Hulajnoga elektryczna kontra rower w Houten

hulajnoga elektryczna i tragiczny wypadek

Wypadki z udziałem rowerzystów i osób jeżdżących na hulajnogach elektrycznych potrafią mieć tragiczne skutki. Doskonałym przykładem jest tu choćby wydarzenie, do jakiego doszło w środku nocy, z soboty na niedzielę w Houten. Co jednak ciekawe udziału nie brał w nim „ten zły kierowca samochodu” i jego maszyna. Jednoślady zderzyły się ze sobą z taką siłą, że musiało interweniować lotnicze pogotowie ratunkowe.

Królowie dróg

W Holandii od pewnego czasu trwa spór, który można porównać do meczu ping-ponga. Z jednej strony znajdują się kierowcy prowadzący samochody i motocykle. Z drugiej rowerzyści, których w ostatnim czasie wsparli użytkownicy skuterów malej pojemności, (mogących jeździć po ścieżkach rowerowych). Rowerzyści wskazują, iż kierowcy wjeżdżają na ścieżki rowerowe lub parkują w taki sposób, iż kierowcy na jednośladach mają problem obok nich przejechać. „Samochodziarze” wskazują, iż kolarze zapominają o zasadach ruchu drogowego, często wykonując nagłe manewry bez wcześniejszego ich zgłoszenia. Nie mówiąc już o tym, że często jadąc w grupie, zamiast pedałować gęsiego ścieżką, jadą obok siebie, zajmując pół drogi. Takie odbijanie piłeczki trwa latami. Obie strony mają bowiem swoje racje, a wypadki z udziałem samochodu i rowerzysty czy osoby na skuterze bywają tragiczne.

 

Zmora na 2 kołach

Od pewnego czasu w obozie rowerzystów zaczyna panować pewien rozłam. Kolarze są bowiem coraz bardziej negatywnie nastawieni do ludzi podróżujących na hulajnogach elektrycznych. Cykliści postrzegają ich podobnie, jak oni są postrzegani przez kierowców. Uważają, że osoby te nie mają pojęcia o zasadach ruchu drogowego. Uważają, iż wszystko im wolno i są panami na ścieżkach czy chodnikach.  W tym wypadku, można by powiedzieć, że jest w tym sporo racji, ale na szczęście ewentualne wypadki z ich udziałem nie powinny być tragiczne w skutkach. Rower tak jak hulajnoga, ważą maksymalnie kilkanaście kilo. Powinno więc skończyć się tylko na siniakach.  Nic jednak bardziej mylnego, o czym doskonale świadczy sytuacja z Houten.

Wypadek

W nocy z soboty na niedzielę, na Hofstadpad w Houten zderzyły się trzy osoby.
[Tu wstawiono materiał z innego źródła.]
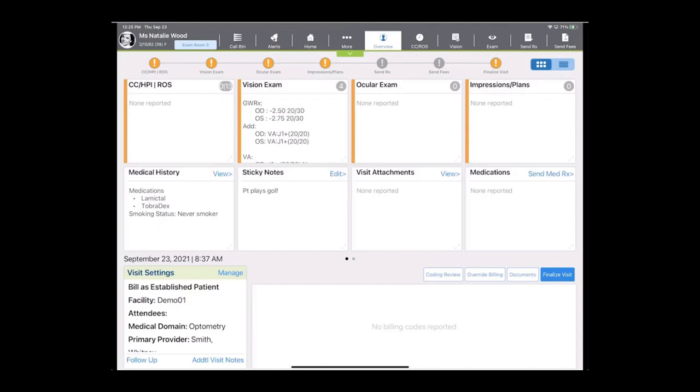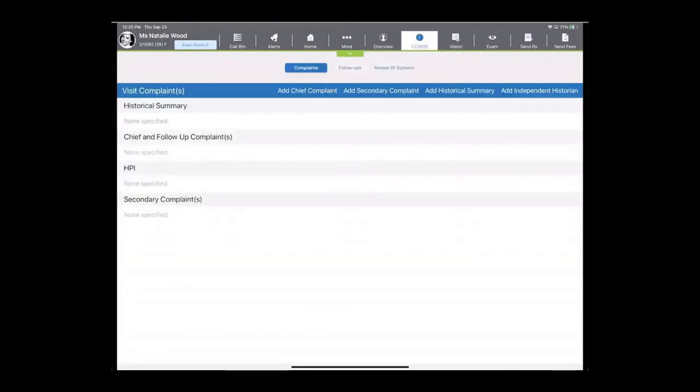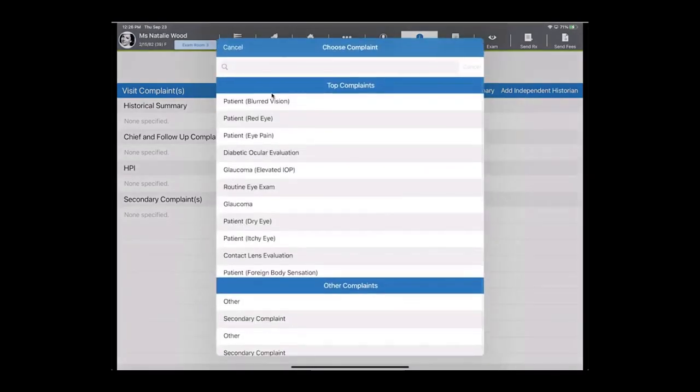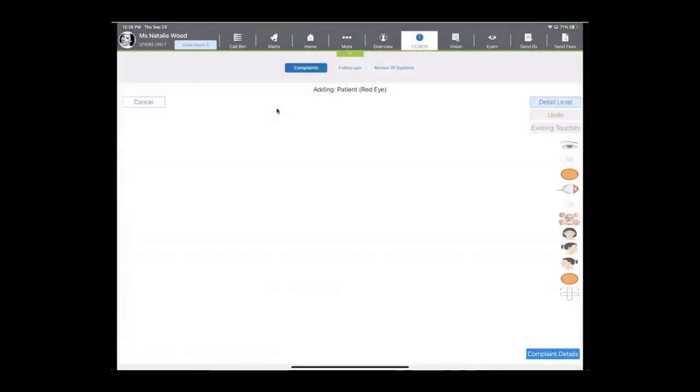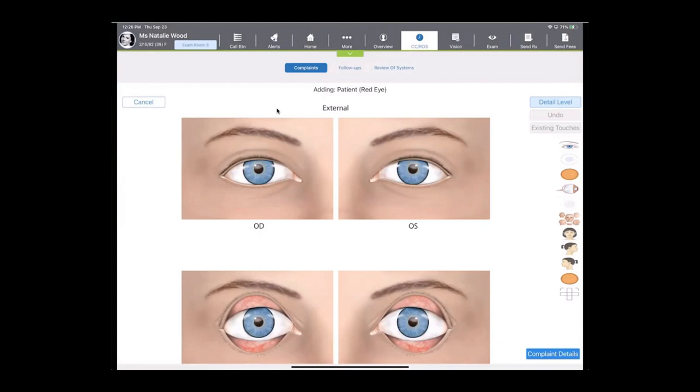First, let's hop into chief complaint, history of present illness, and review of systems. So I want to show you a chief complaint today. You may be doing this, or your technician may be, but it's pretty simple. We're just going to add a chief complaint, and then a list is going to populate that's custom to our practice. So these are the top complaints that we see here in our environment. So today, the patient's come in, we're going to see them for a red eye.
W kolizji tej uczestniczył kierowca hulajnogi elektrycznej i dwie dziewczyny na rowerze. Wszyscy stracili równowagę i przewrócił się. Wypadek, mający miejsce na ścieżce rowerowej między Houten Castellum i Schalkwijksebrug, okazał się pomimo wspomnianej „lekkości” pojazdów bardzo niebezpieczny.
Obrażenia ofiar były na tyle duże, iż na miejsce musiano wezwać śmigłowiec lotniczego pogotowia ratunkowego. Ofiary po ustabilizowaniu ich stanu, zostały przewiezione od szpitala.

Szukanie winnych

Kto był winny wypadkowi? To bada śledztwo. Już teraz można jednak powiedzieć, iż fizyka. Nie liczy się bowiem tylko masa pojazdu, ale i prędkość, z jaką on się przemieszcza. W przypadku zaś hulajnogi ta może wynosić nawet 40km/h. Gdy więc dojdzie do wypadku, jej użytkownik wylatuje z niej często jak z katapulty. Uderzając zaś w inny jednoślad, cała ta energia uwalniana jest często w ciała użytkowników. Nie ma tam bowiem poduszek powietrznych czy stref kontrolowanego zgniotu jak w samochodach. Dlatego też, by zapobiec podobnym incydentom coraz częściej słyszy się o tym, by skodyfikować zasady korzystania z hulajnóg elektrycznych.